# Housebreaking older (small) dog



## tokipoke (Sep 3, 2011)

I was going to post this about housebreaking my Havanese (Louis, he is 2 years old) in the "Other Animals" thread, but I felt housebreaking is universal with dogs so posted it here.

*I finally bell trained him to ring the bell when he has to go.
*
I trained Leroy (standard poodle) starting at 12 weeks. Before opening the door, I'd ring the bells in his face or get him to nudge the bells with his nose. Opened door, when he peed (used a cue word like "go potty"), gave him a treat. Sounded really excited. I just kept doing this till one day, maybe 2 weeks later, he magically picked up the fact he needed to ring the bell when he had to pee. This fast turnaround happens with puppies and very intelligent breeds. This was the "easy" version, the dog just "gets" it.

I tried the easy version with Louis. For 3 months I'd ring the bell before opening the door. Obviously he didn't understand cause he would pee on the carpet when I wasn't paying attention.
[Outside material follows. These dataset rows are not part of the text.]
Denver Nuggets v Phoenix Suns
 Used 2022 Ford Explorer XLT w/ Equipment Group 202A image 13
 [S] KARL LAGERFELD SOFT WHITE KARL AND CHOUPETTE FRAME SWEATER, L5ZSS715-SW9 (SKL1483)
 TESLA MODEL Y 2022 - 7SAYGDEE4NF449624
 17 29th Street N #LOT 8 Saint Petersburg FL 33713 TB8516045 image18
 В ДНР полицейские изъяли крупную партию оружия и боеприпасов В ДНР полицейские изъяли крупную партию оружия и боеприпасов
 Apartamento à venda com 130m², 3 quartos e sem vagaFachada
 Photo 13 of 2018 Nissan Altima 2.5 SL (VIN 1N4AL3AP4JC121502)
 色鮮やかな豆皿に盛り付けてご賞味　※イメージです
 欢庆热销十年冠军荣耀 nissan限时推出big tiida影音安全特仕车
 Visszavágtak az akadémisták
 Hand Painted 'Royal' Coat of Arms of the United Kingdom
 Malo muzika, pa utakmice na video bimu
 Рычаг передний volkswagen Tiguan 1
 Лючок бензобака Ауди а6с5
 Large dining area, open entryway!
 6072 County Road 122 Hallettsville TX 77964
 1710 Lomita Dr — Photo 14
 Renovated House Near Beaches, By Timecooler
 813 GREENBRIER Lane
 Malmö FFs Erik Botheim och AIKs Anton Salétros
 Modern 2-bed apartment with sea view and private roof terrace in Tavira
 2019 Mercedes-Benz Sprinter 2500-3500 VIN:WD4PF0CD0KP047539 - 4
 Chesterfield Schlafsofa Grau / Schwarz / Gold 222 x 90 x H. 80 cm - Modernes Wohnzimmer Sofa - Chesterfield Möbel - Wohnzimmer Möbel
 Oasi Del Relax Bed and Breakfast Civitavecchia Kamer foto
So I had to increase the intensity of training. I tried luring him with a treat towards the hanging bells. He didn't get it. So I broke it down into steps:

*Step 1*: target the bells. I held the bells near him. The bells had peanut butter smeared on it. I had a higher value treat in my hand. When he made a move to sniff the bells, he got a treat. Eventually he'd lick the bells and he got a treat. He learned if he kept touching the bells with a nose = treat.

*Step 2*: move the bells a little further away. Repeat step 1.

*Step 3*: hang the bells on the door. Repeat step one. He should be used to walking up to the bells on the door and hitting with his nose.

*Step 4*: when he hits the bells that are hanging on the door, open the door and throw a treat outside. Keep doing this so that he understands that now ringing the bell = open door outside = treat

*Step 5*: repeat Step 4 but move further away from the door. He should get used to walking up to the bells at greater distances away from you and the door. I did this till I was sitting in the living room and he was alerting me. It's important not to cue the dog to ring the bells. He needs to do this independent from you. So I ignored my dog till he hit the bells. Open the door, walk out, give a treat.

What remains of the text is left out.